Also, as you would expect, personal attacks are being aimed at witnesses of events that contradict this story. And doubts are cast at video evidence.
It's pretty clear that there is an attempt to paint a disconnect between HK China and Mainland China
I don't know, the propaganda accounts are usually much more blunt. This one has nuanced words. Painting Carrie Lam as relying on the police and force etc.
As usual, rather than offer actual counterpoints, you resort to ad hominem attacks and complete misrepresentation of what I stated.
- nowhere did I state issues in HK are internal to HK only. There's obvious influence by interested parties outside of HK as well.
- HK is under the CCP. Of course there's influence. I never stated this either. I stated that the influence is much less than what media would like you to belive.
- I specifically stated that 2 of the demands are unreasonable, and a third will never be tolerated by the CCP. The protest movement certainly isn't a united cause for Hong Kong as a whole. That's what I stated. Even in the recent local elections the pro-protest candidates garnered on average less than 60% of the votes despite record turn out on their side.
- There indeed is no hard and credible evidence that people are being deported out of HK into China. That's what I stated. I did not state that none have been assaulted by government forces.
" personal attacks are being aimed at witnesses of events that contradict this story"
umm...what personal attacks? Do you even know that the evidence of an emergency doctor saying the rapes occurred is by a "Dr. Ray" on Facebook? He also wrote in Chinese that his evidence is that "if he is lying, may the people and heavens judge him". Unfortunately most people buying into the claim don't read Chinese.
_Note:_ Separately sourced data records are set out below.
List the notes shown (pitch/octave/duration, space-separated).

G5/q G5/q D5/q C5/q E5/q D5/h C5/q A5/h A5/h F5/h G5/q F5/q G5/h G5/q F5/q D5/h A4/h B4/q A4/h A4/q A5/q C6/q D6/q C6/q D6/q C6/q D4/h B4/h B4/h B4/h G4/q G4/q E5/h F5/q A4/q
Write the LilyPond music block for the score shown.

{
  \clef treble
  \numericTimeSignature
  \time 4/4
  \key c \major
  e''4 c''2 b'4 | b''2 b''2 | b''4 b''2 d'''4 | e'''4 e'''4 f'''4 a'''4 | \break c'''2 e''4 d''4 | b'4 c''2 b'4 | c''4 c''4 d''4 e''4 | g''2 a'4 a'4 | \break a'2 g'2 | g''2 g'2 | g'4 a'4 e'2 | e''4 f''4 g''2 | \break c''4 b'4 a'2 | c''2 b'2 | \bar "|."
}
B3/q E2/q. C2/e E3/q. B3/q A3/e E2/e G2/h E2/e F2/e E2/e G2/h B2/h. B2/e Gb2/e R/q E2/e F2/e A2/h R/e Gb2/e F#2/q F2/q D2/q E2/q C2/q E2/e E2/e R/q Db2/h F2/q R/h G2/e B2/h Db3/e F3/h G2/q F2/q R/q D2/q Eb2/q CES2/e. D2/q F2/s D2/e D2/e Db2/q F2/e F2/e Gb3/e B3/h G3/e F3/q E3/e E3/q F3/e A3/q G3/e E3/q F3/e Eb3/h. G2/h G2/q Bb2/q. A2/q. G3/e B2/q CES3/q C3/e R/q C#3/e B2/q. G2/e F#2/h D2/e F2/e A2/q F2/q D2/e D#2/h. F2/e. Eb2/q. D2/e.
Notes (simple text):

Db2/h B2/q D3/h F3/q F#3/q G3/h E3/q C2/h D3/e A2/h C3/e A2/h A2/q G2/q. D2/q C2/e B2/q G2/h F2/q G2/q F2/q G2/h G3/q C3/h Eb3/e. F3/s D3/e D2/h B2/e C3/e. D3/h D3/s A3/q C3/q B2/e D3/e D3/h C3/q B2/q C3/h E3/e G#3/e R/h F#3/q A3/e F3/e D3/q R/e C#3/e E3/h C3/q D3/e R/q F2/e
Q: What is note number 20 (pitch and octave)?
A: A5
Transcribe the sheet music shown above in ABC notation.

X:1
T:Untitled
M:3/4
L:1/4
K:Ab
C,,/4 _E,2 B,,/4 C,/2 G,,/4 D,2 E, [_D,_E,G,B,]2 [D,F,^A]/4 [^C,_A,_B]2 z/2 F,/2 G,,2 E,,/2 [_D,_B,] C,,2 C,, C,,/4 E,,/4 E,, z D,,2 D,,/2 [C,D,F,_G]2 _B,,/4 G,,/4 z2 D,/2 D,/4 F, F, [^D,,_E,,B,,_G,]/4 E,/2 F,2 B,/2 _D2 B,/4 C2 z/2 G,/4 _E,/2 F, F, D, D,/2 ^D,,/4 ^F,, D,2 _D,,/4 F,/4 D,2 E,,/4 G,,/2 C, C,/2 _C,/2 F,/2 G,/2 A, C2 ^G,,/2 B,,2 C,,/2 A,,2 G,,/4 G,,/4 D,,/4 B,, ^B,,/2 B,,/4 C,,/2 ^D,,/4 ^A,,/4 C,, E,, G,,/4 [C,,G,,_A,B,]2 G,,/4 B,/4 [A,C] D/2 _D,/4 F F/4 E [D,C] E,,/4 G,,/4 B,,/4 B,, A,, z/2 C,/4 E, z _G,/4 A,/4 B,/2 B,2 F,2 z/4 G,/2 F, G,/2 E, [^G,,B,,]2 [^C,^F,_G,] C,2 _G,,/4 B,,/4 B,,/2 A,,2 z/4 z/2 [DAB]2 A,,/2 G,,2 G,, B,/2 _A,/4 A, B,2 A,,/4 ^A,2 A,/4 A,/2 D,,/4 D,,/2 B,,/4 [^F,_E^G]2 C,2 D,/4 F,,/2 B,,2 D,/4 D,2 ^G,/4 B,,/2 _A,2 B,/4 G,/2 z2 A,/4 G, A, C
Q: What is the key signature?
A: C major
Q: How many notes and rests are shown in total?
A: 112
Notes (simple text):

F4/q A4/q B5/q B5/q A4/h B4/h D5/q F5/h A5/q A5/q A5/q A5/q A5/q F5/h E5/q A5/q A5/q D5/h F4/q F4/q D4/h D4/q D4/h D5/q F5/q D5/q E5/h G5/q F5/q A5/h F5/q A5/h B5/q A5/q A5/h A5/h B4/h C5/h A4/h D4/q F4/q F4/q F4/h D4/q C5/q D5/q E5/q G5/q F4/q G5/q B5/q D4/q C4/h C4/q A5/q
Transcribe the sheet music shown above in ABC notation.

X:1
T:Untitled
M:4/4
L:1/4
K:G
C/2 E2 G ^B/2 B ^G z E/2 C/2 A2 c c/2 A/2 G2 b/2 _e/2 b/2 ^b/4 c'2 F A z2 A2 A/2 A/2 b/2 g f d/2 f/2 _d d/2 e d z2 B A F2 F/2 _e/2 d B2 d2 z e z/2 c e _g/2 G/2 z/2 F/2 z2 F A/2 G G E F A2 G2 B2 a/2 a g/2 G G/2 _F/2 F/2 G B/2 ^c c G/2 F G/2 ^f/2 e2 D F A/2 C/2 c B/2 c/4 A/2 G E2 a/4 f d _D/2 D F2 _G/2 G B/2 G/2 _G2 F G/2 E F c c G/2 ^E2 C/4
Now that I've pointed out your completely unbased claims and obvious disingenuity and lack of integrity, perhaps you want to provide evidence of claims to the contrary rather than your illogical rabble.
*yes I'm a brand new account. I usually only read posts here, but I'm from HK and it's an issue close to heart. I'm sick of the misrepresentation of what's actually happening being reinforced by people who have very little knowledge of Hong Kong if they have even ever visited or lived there at all.
I don't think you're a real person so I'm unsure as to how to respond to the accusation of an ad hominem attack.
The actions of a new participant in an online community can often be judged by what new information they contribute and whether their comments are are comprehensive and covers the entirety of the issue or whether they selectively concentrate on distractions and unimportant trivia.
If you have knowledge then share it. If you have links then share them. If you're just here to say that there is no evidence other than the videos that we've seen then you'll probably be judged as a troll.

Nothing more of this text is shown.